# IR extender/repeater for projector



## jds10011 (Dec 9, 2019)

Apologies if this is covered elsewhere, but probably I'm using the wrong keywords. I am using the Kramer PT-5R/T setup to extend a projector's IR input to a more useful place than the grid. Obviously there are more appropriate methods, but this is pretty cheap (https://www.kramerav.com/us/product/PT-5R/T). The only issue is that the IR receiver is pretty small and on the end of a cord, and it can sometimes end up facing in funny directions so the remote doesn't work properly, and it doesn't really lend itself to being mounted. A previous job had a wall-plate version with a really big square you could aim for, and it was permanently installed so you really couldn't mess up. I could have sworn this was also made by Kramer, but they claimed not when I called (and also claimed no other receivers would work with their products, of course). Can anyone share a solution they are using? Thanks!


----------



## Jay Ashworth (Dec 9, 2019)

The keywords you're looking for are "ir blaster" and "in-wall"; Niles is an example brand.

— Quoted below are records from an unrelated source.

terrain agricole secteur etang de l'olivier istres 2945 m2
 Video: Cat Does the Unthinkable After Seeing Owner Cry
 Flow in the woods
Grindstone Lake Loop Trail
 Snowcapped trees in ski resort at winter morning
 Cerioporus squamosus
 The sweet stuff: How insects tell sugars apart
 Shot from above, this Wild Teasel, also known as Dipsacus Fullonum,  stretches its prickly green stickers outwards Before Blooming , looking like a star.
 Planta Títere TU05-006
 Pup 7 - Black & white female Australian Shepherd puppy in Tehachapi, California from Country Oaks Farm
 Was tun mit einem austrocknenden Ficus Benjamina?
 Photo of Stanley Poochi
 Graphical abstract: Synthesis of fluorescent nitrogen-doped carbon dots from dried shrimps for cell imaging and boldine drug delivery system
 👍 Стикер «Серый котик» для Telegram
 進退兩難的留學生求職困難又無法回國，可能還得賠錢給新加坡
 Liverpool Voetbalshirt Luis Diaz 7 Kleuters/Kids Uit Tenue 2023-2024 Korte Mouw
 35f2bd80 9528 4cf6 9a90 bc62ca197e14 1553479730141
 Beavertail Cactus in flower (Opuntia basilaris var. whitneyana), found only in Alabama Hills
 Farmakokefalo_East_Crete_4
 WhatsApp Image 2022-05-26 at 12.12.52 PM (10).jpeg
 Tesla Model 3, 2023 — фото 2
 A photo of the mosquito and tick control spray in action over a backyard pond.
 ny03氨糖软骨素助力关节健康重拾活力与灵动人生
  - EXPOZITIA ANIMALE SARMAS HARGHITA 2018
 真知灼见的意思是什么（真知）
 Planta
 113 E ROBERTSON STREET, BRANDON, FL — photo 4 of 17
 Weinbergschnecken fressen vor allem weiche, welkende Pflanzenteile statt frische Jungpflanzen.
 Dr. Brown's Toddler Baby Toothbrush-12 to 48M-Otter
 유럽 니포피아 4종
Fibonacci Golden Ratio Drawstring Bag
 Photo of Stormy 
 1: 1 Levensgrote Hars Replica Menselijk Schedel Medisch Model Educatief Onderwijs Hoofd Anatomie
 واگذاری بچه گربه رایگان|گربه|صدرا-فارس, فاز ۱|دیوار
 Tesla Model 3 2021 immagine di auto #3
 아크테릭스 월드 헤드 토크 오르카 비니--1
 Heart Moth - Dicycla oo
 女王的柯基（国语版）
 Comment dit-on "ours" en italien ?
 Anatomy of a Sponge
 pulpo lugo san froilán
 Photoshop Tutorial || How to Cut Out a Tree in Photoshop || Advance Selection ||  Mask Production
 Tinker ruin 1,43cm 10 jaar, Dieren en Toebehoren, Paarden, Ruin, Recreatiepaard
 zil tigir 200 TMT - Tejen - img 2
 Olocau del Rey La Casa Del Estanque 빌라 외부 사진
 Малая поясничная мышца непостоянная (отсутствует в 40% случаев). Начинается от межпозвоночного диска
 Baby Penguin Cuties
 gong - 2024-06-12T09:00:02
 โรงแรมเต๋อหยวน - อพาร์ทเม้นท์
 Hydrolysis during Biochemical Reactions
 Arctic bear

This is installer-grade gear, and it's pricier; the Niles, frex, is a bit over $100.

Don't expect this stuff necessarily to be interchangeable across the ends of a cable.


----------



## macsound (Dec 9, 2019)

How is your video signal getting to the projector? HDBaseT transmitters/ recievers have the IR extender built in.
If you're doing HDMI at all, Monoprice has an extender that runs over the HDMI cable too
https://www.monoprice.com/product?p_id=9964


----------



## microstar (Dec 9, 2019)

Newark Electronics carries the MCM Custom Audio line:
IR receiver wall plate: https://www.newark.com/mcm-custom-a...ll-mount/dp/95T3471?st=IR receiver wall plate
Complete IR system: https://www.newark.com/mcm-custom-a...8?MER=bn_level5_5NP_EngagementRecSingleItem_2

Both for less than $30.


----------



## RonHebbard (Dec 9, 2019)

jds10011 said:


> Apologies if this is covered elsewhere, but probably I'm using the wrong keywords. I am using the Kramer PT-5R/T setup to extend a projector's IR input to a more useful place than the grid. Obviously there are more appropriate methods, but this is pretty cheap (https://www.kramerav.com/us/product/PT-5R/T). The only issue is that the IR receiver is pretty small and on the end of a cord, and it can sometimes end up facing in funny directions so the remote doesn't work properly, and it doesn't really lend itself to being mounted. A previous job had a wall-plate version with a really big square you could aim for, and it was permanently installed so you really couldn't mess up. I could have sworn this was also made by Kramer, but they claimed not when I called (and also claimed no other receivers would work with their products, of course). Can anyone share a solution they are using? Thanks!




jds10011 said:


> Apologies if this is covered elsewhere, but probably I'm using the wrong keywords. I am using the Kramer PT-5R/T setup to extend a projector's IR input to a more useful place than the grid. Obviously there are more appropriate methods, but this is pretty cheap (https://www.kramerav.com/us/product/PT-5R/T). The only issue is that the IR receiver is pretty small and on the end of a cord, and it can sometimes end up facing in funny directions so the remote doesn't work properly, and it doesn't really lend itself to being mounted. A previous job had a wall-plate version with a really big square you could aim for, and it was permanently installed so you really couldn't mess up. I could have sworn this was also made by Kramer, but they claimed not when I called (and also claimed no other receivers would work with their products, of course). Can anyone share a solution they are using? Thanks!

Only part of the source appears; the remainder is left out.